Não há uma tradução do texto palavra a palavra, mas sim da sua estrutura. A substituir o que no livro são os oito primeiros versos da primeira estrofe d'Os Lusíadas, na versão de Ângela Coelho há oito compassos, com cada nota musical a mimetizar o esquema rimático da epopeia de Luís de Camões.

Ângela Coelho, que desenvolveu o trabalho de sonificação musical do clássico da literatura portuguesa no âmbito do mestrado em Design e Multimédia da Faculdade de Ciências e Tecnologia da Universidade de Coimbra (FCTUC), explica que a ideia de base passava por transformar dados em som. Acabou por trabalhar com texto.

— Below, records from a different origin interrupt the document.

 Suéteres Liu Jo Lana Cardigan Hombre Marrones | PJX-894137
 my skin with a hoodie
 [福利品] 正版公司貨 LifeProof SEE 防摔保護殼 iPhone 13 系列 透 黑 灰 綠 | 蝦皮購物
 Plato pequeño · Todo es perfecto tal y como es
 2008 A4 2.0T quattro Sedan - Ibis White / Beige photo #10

Já Mariana Seiça, do mesmo mestrado, desenvolveu um trabalho de características bastante diferentes, cujo ponto de partida implicava pegar em dados em tempo real, mas que estivessem ligados a uma perspectiva mais social, conta. Daí chegou ao Twitter, onde encontrou material nos breves textos gerados pelos utilizadores. Tendo como base as mensagens de 140 caracteres da rede social, a sonificação de Mariana Seiça procura representar as emoções nelas contidas.

Pedro Martins, o docente da FCTUC que juntamente com Amílcar Cardoso orientou os projectos, sintetiza que a sonificação consiste em “representar dados através de som não falado”. Apesar de esta ser uma área científica “relativamente recente”, é um campo com várias décadas. O estetoscópio ou o contador de Geiger são instrumentos que recorrem a esse método, exemplifica.

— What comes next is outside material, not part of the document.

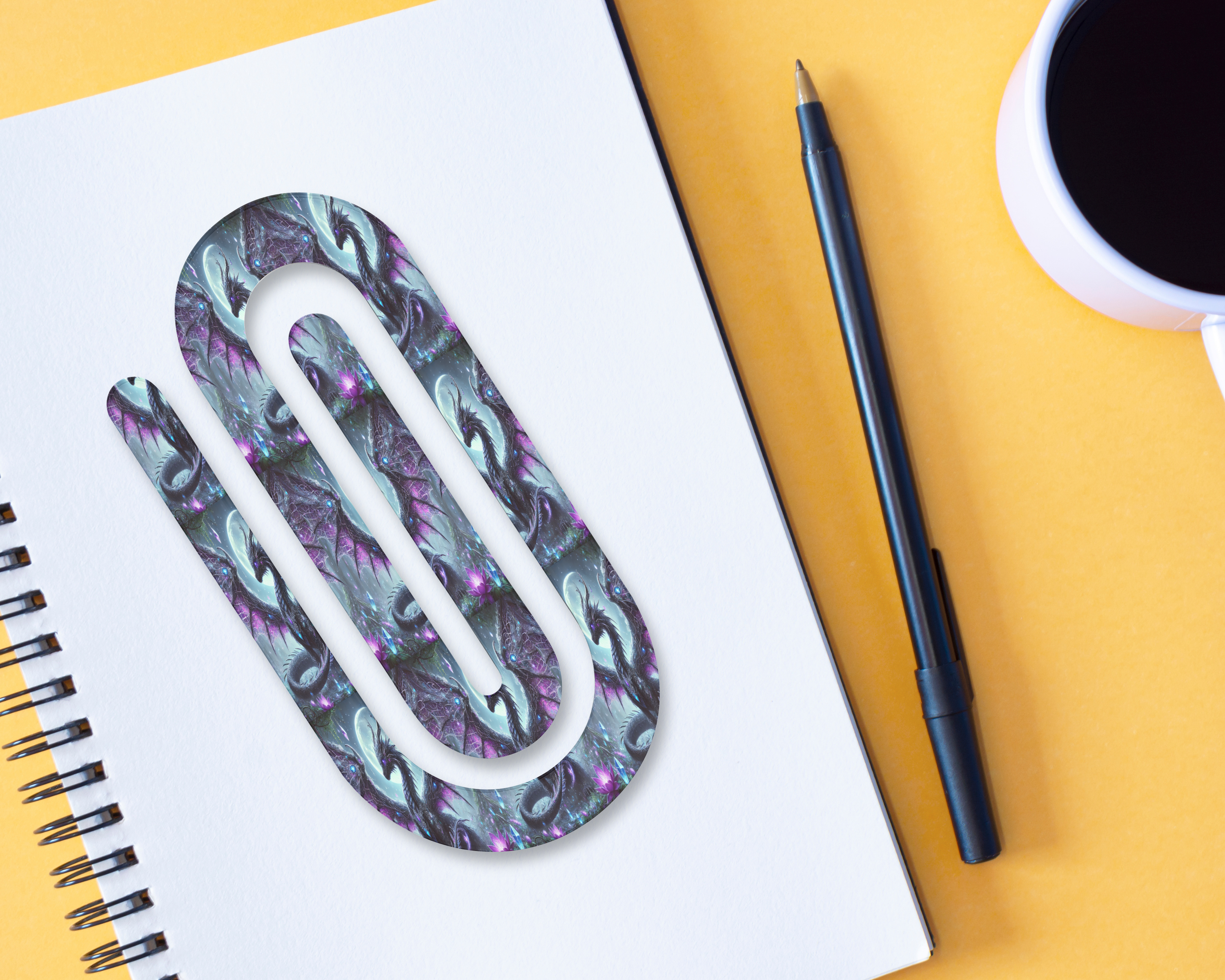 Majestic Dragon Scales Jumbo Paper Clips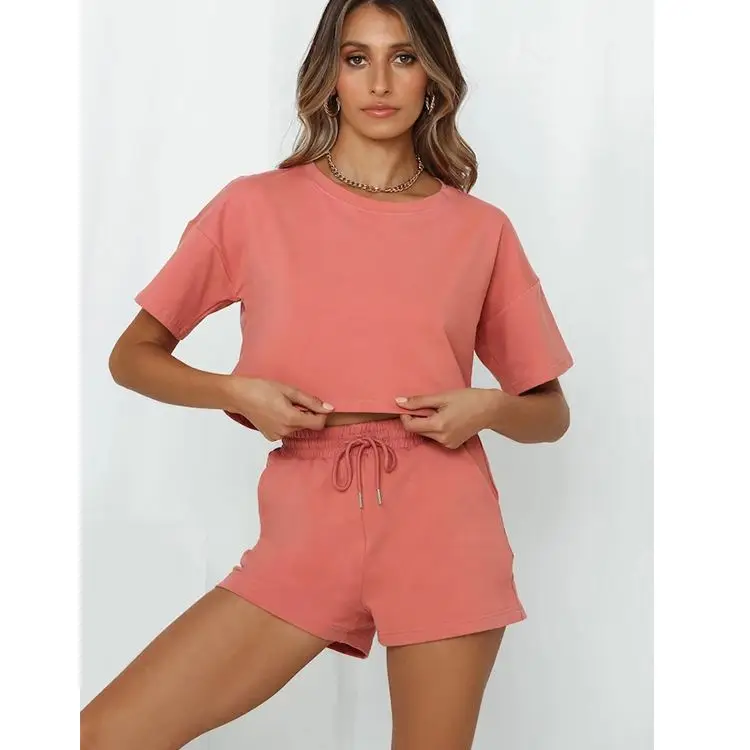 PEARL Summer Casual Short Sleeve Solid Color Drawstring Womens Two Piece Set 2021 2 Piece Set Women
PEARL Summer Casual Short Sleeve Solid Color Drawstring Womens Two Piece Set 2021 2 Piece Set Women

Quando se fala em sonificação como forma de composição musical, detalha Pedro Martins, trabalhos como os do compositor brasileiro Heitor Villa-Lobos (1887-1959) ou do norte-americano John Cage (1912-1992), também compositor e teórico musical, podem ser considerados precursores.

Não há um modelo matemático para compor uma versão sonora, explica Pedro Martins. Há sim um mapeamento. No caso da épica camoniana, Ângela Correia refere que começou por criar uma base de dados a partir da qual fosse “possível transpor a informação para diferentes caraterísticas sonoras”. Essa base de dados continha a estrutura d’Os Lusíadas.

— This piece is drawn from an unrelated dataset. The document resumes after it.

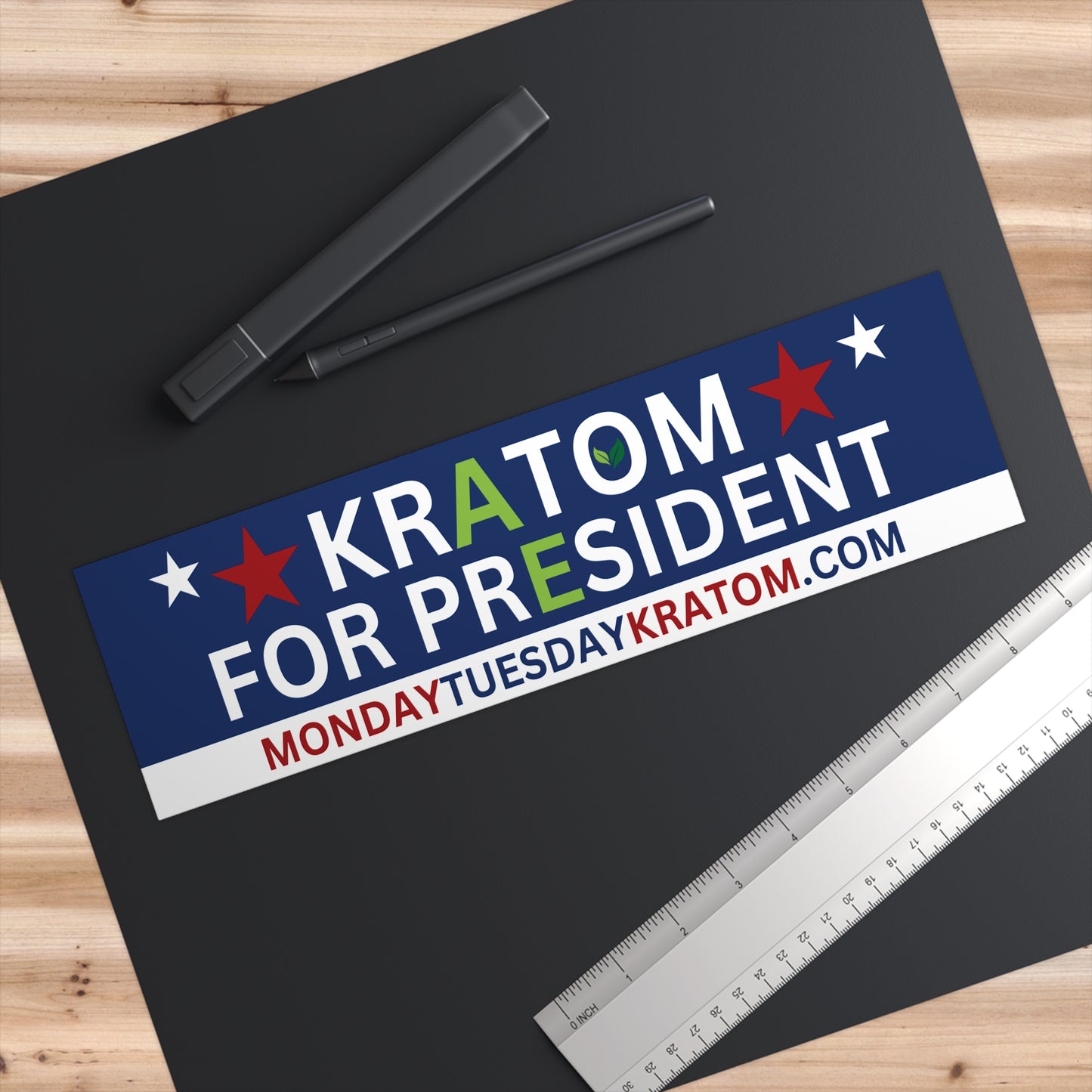 Kratom for President Bumper Sticker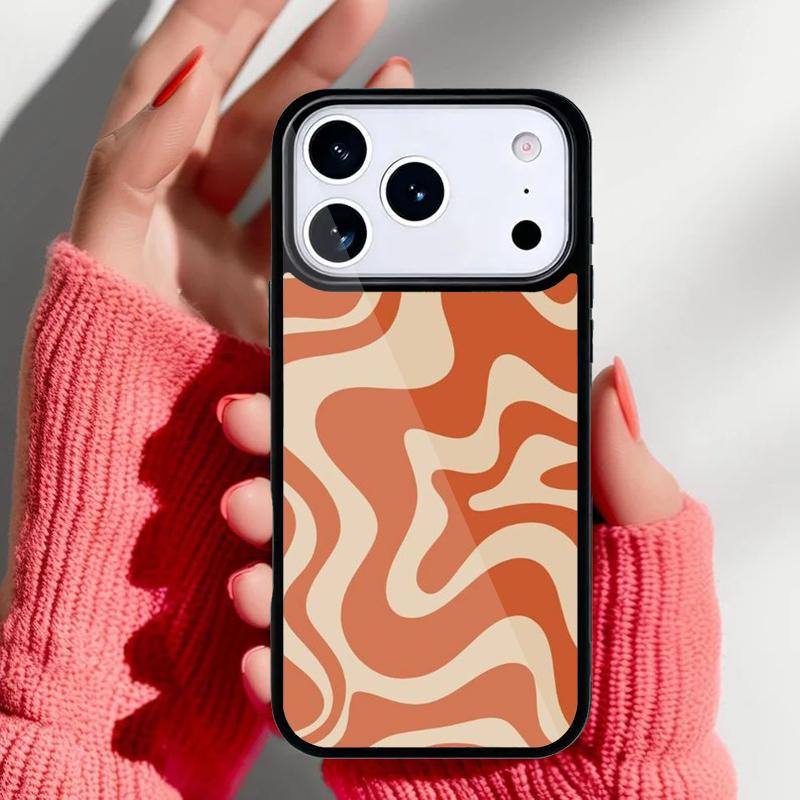 Чехол-накладка для телефона с абстрактным узором «Жидкий вихрь» для iPhone 17 16 15 14 13 Pro Max Задняя крышка для 12 11 Pro Coque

Mariana Seiça conjugou o Twitter com a roda do psicólogo Robert Plutchik, um colorido diagrama que organiza emoções. Para lhes fazer corresponder acordes, contou com a colaboração de Rui Lopes, o seu professor de composição musical, num processo que se assemelha à elaboração de uma banda sonora de um filme.

A plataforma que criou para representar os tweets através de uma harmonia etérea recolhe as mensagens em tempo real de contas em inglês com mais de mil seguidores. Segue-se um processo automatizado de análise lexical, encaixando as palavras num leque de emoções. "'Amor' está ligado à alegria e à confiança”, ilustra. O software trata do resto, sendo responsável pelo mapeamento musical, que parte de timbres pré-definidos para cada emoção.

Apesar de o grosso do trabalho ser sonoro, há também uma componente visual. No caso de Mariana Seiça, os tweets de diferentes emoções são representados por pontos e juntam-se a grupos deambulantes no ecrã à medida que vão surgindo.

“Um dos problemas da sonificação é que é necessário criar um contexto”, refere Pedro Martins. Esse contexto pode ser facilitado com uma representação observável. “É necessário ter alguma exploração estética para cativar o ouvinte." Mas é também preciso dosear essa parte para evitar a redundância.

Os dois trabalhos tiveram a classificação final de 20 valores e foram já apresentados no Salão Brazil, em Coimbra, no âmbito do projecto Das Palavras Nascem Sons dos Sons Nascem Ideias, do serviço educativo do Jazz ao Centro. A sessão, que decorreu no último fim-de-semana de Janeiro, também foi uma forma de dar a conhecer os trabalhos fora da academia, explica o docente, que integra também o projecto Paisagens Sonoras da Cidade, tendo em vista a construção de um arquivo que caracterize vários espaços de Coimbra através do som.